Imbrigliare in categorie semantiche Bendik Giske, sassofonista norvegese di nascita, ma berlinese di adozione, è limitativo. Ma per ragioni giornalistiche non ne possiamo fare a meno. Iniziamo col dire, allora, che Bendik Giske è sperimentazione pura. Lui stesso si definisce un artista queer, qualcosa quindi che va fuori dalla "norma". E anche la sua musica virtuosa e sperimentale - l'anima è quella jazz -, ma nuova, si incanala nelle atmosfere dell'elettronica, nella sostanza "aritmica" della drone music. Forse possiamo azzardare nel dire che Giske è un artista, prima ancora di essere un musicista. E' il suo primo lavoro "Surrender", uscito il 25 gennaio con la Smalltown Supersound, a convincerci di questo.
"Surrender" è una climax sonora dove il protagonista indiscusso è il sassofono di Giske, ma anche i suoi movimenti: durante la registrazione sono stati inseriti microfoni sia sullo strumento sia sugli abiti del musicista in modo tale da captarne ogni suono. E' il risultato di un viaggio spirituale e di un cambiamento cognitivo dopo una notte passata al Berghain di Berlino, ossia il tempio della techno mondiale. “Inizialmente mi sono sentito un idiota come tutti quelli che erano lì”, ha affermato Giske, ma "poi ho iniziato ad abbracciare quella cultura e ho realizzato che ero dove volevo essere. Lo spazio crea un ambiente parallelo che ti coinvolge nel momento stesso in cui ti abbandoni a esso e solo così puoi sentire quanto è vero”.
Surrender vuol dire infatti arrendersi, non opporsi e abbandonarsi. Un verbo diventato la chiave di volta di Giske. Solo eliminando ogni freno inibitorio e lasciandosi andare si può vivere appieno se stessi. Giske ce lo suggerisce con questo suo primo lavoro. Lo fa con la sua musica, trasportando l'ascoltatore in un’altra dimensione. Attraverso il "canto" del suo sassofono e il ritmo degli effetti creati con i microfoni si entra uno stato ipnotico, etereo, sospeso. Una sorta di meditazione contemplativa.

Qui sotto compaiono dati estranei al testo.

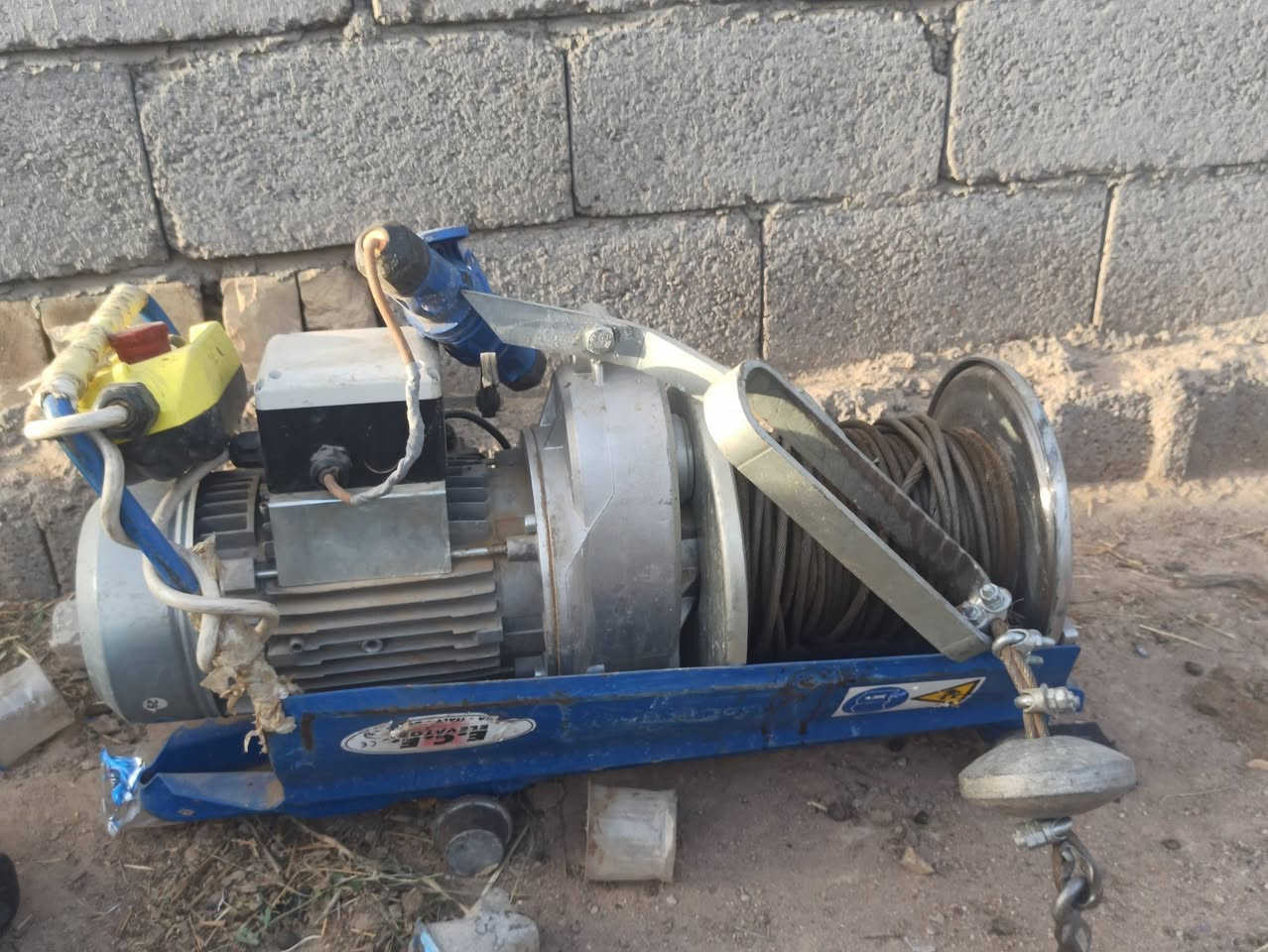 ونج للبيع ايطالي اصلي مامستخدم قليل كامل تواصل 0788 259 9111 داخل قلعة سكر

Non è un caso che l’album sia stato registrato nel Mausoleo Emanuel Vigeland di Oslo. Tomba dell'artista norvegese nelle cui stanze dipinse la vita e la morte. Un luogo sacro che può ricordare alla lontana il Berghain di Berlino dove il sassofonista ha, metaforicamente parlando, ucciso una parte del suo sé imbrigliata e non libera per fare spazio alla sua parte più vera e vitale.